##### DATA EXCERPT #####

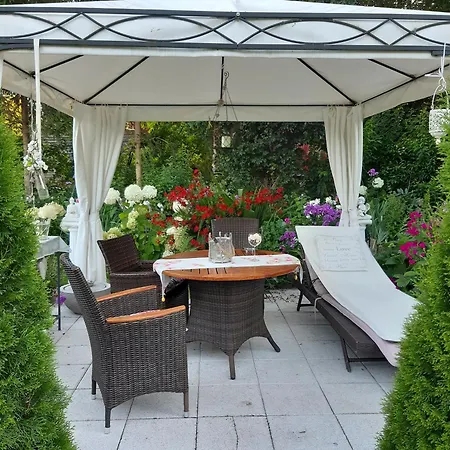 Dreifluesse - Traumgarten Mit Grill Und Pavillon, Wlan, Kueche Und Parkplatz *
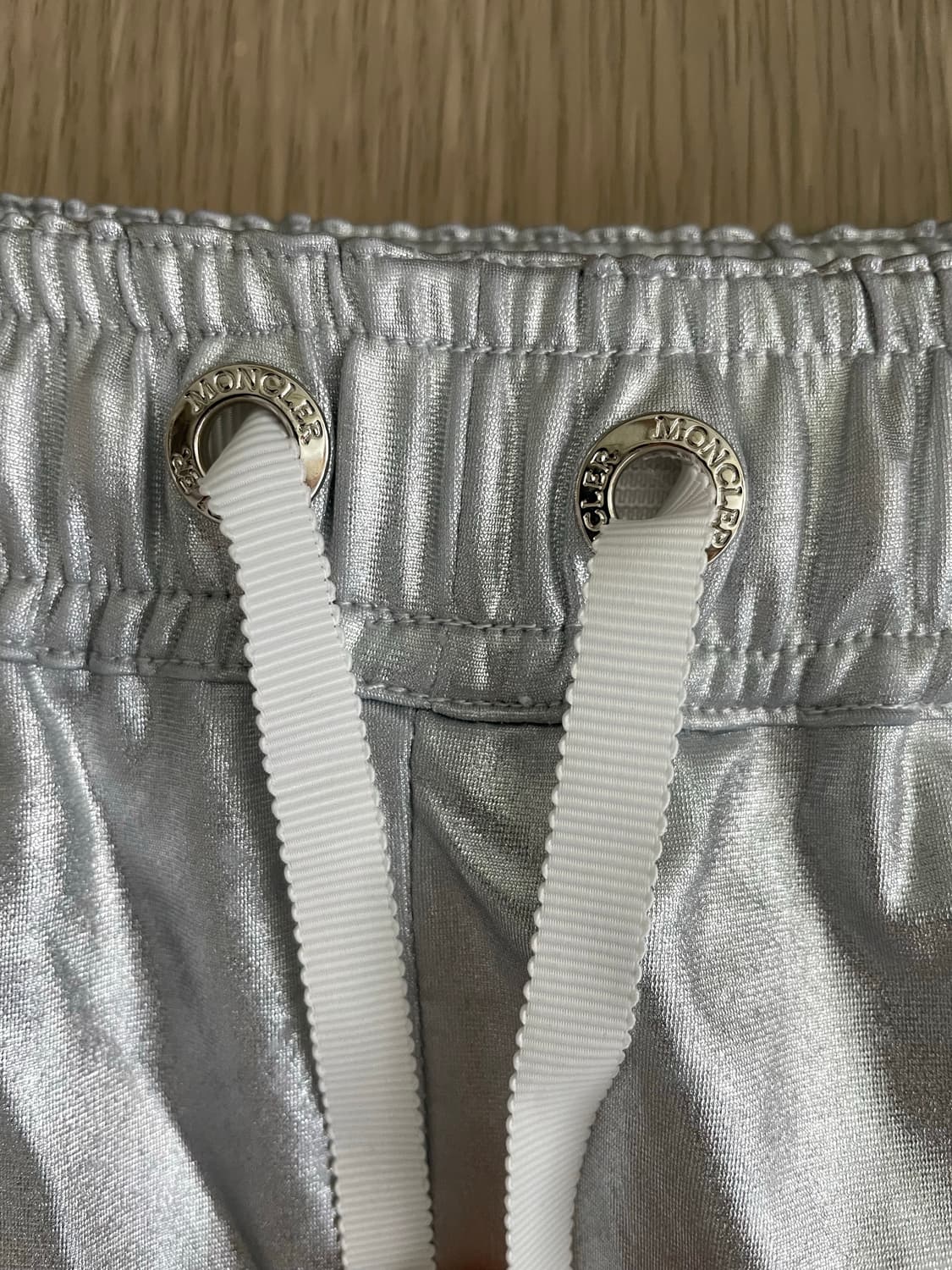 Moncler y2k 실버 숏팬츠 상품이미지3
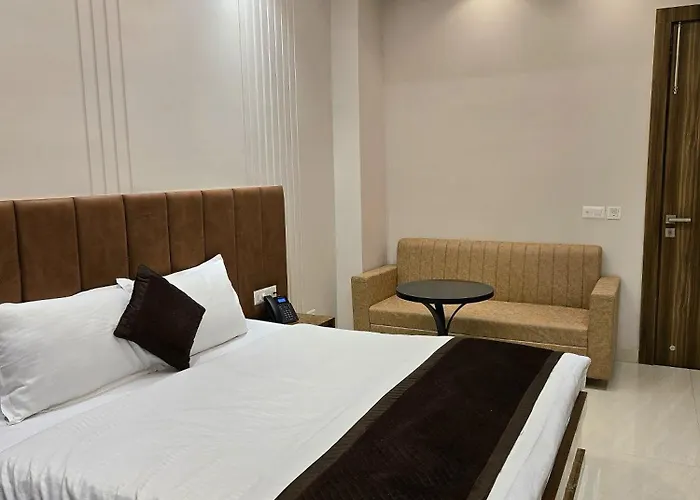 Shri Sangam Hotel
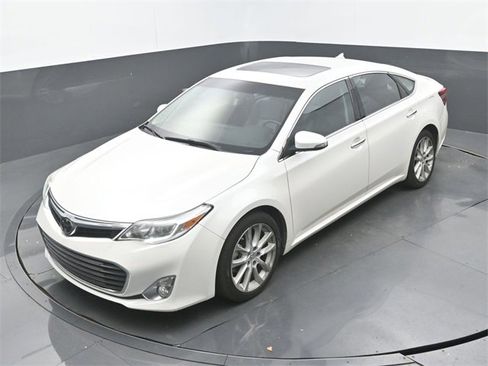Used 2014 Toyota Avalon Limited image 16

#####

> **PROBLEM**
Each line of the listing must be restated word for word, and the pictures left out.

> **ANSWER SPACE**
 Dreifluesse - Traumgarten Mit Grill Und Pavillon, Wlan, Kueche Und Parkplatz *
 Moncler y2k 실버 숏팬츠 상품이미지3
 Shri Sangam Hotel
Used 2014 Toyota Avalon Limited image 16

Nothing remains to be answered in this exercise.